« La délocalisation n'est pas toujours souhaitable », prétend le Pr Ma Rong
par Jean-Paul Desimpelaere, le 5 février 2009
Le Professeur Ma Rong est un sociologue et démographe de réputation mondiale. Il a publié entre autres de nombreux ouvrages sur le Tibet. Pendant le séminaire international de tibétologie qui eut lieu en octobre 2008, il a laissé libre cours à ses critiques quant au conformisme caractérisant parfois les rangs des jeunes générations chinoises.

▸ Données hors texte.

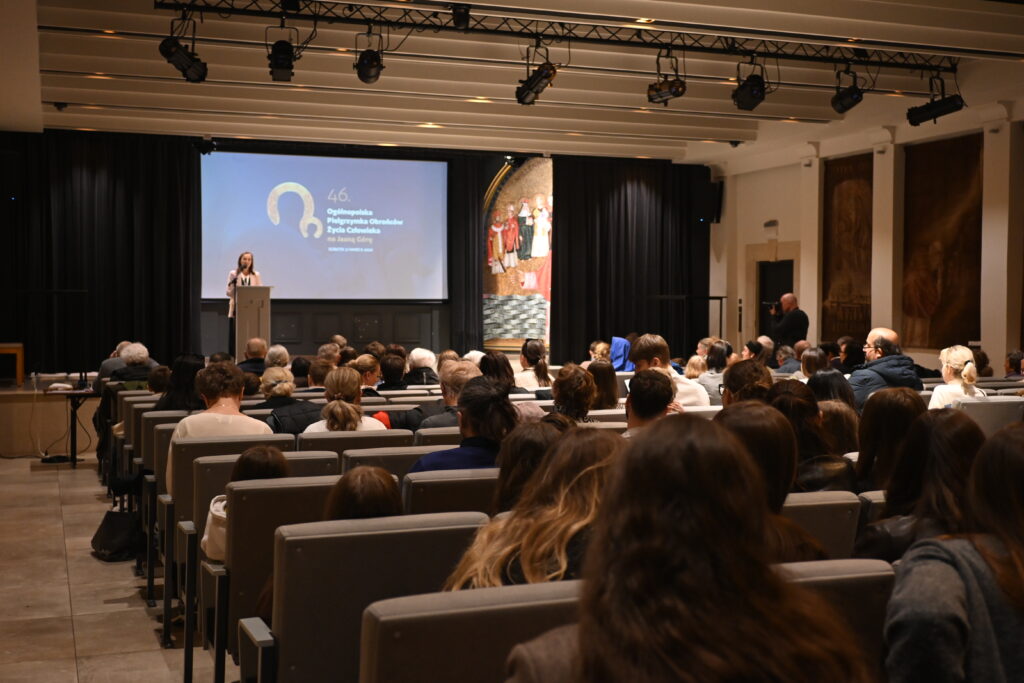 Odbyła się 46. Ogólnopolska Pielgrzymka Obrońców Życia Człowieka na Jasną Górę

Il a déclaré, entre autres : « Nous devons être plus concrets dans notre manière de penser et nous demander, par exemple, quelle sorte d’industrie légère conviendrait le mieux pour le Tibet, la nommer concrètement, et puis, quelles techniques devraient être enseignées en R.A.T. ? Est-il vraiment nécessaire d’amener une grande partie de la population vers les villes ?
Je ne suis pas convaincu qu’il soit souhaitable pour tous les paysans tibétains d’aller s’installer dans la vallée fertile du Yarlung, délocaliser les gens n’est pas toujours une solution idéale.

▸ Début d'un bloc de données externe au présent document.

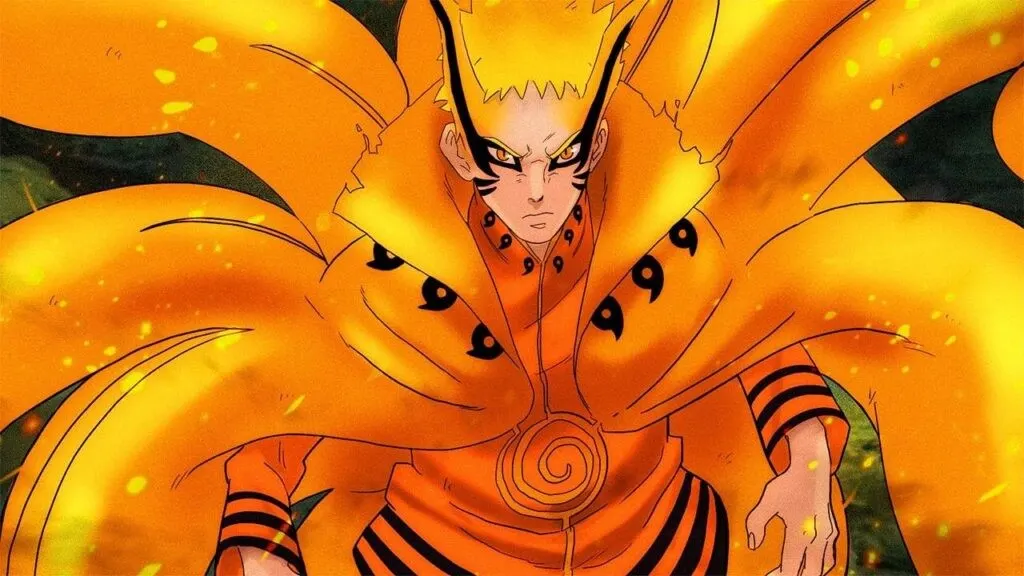 Kurama’s Power Has Kept Naruto Alive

Et puis, il faut tenir compte qu’un tiers de la R.A.T. est maintenant protégé ; aucune industrie n’a le droit de s’implanter en zone naturelle protégée. Par ailleurs, il ne faut pas oublier la population des travailleurs migrants : que pouvons-nous leur offrir, comment les organiser ? Nous devons être créatifs et ne pas être des béni-oui-oui pour tout ce que le gouvernement propose. »
Pr MaRong réagissait de la sorte à l’exposé d’un jeune sociologue chinois qui avait réalisé une enquête auprès des habitants d’un village « délocalisé ». Auparavant, ce village se situait dans un endroit éloigné de tout, sans aucune commodité. Il n’y avait même pas un chemin d'accès au village.
Le jeune chercheur avait ouvert son discours par un fumeux : « Conformément à la politique générale du gouvernement, le village un tel a été délocalisé…, etc. », et il poursuivait sans remettre en question le bienfait de ces délocalisations. D’après lui, puisque les directives gouvernementales avaient été suivies, les villageois étaient satisfaits de leur sort : à présent, ils disposaient d’eau courante, d’une petite école et d’un dispensaire pour les premiers soins. Le jeune sociologue n’était pourtant pas capable de dire si les revenus des habitants étaient plus élevés dans le nouveau village que dans l'ancien. Certes, une partie des villageois avait trouvé un emploi dans une station d’épuration d’eau et une autre partie dans un meunerie… mais, finalement, étaient-ils plus satisfaits qu’avant ?
L’honorable professeur MaRong, qui en a certainement vu d’autres dans sa longue carrière, ne s’est pas gêné pour critiquer ouvertement le conformisme des « jeunes loups aux longues dents » qui ne visent qu’à s’élever dans la hiérarchie universitaire et qui, pour ce faire, n’hésitent pas à encenser les politiques gouvernementales. Selon Pr MaRong, ce n’est pas ainsi qu'on fait progresser les choses.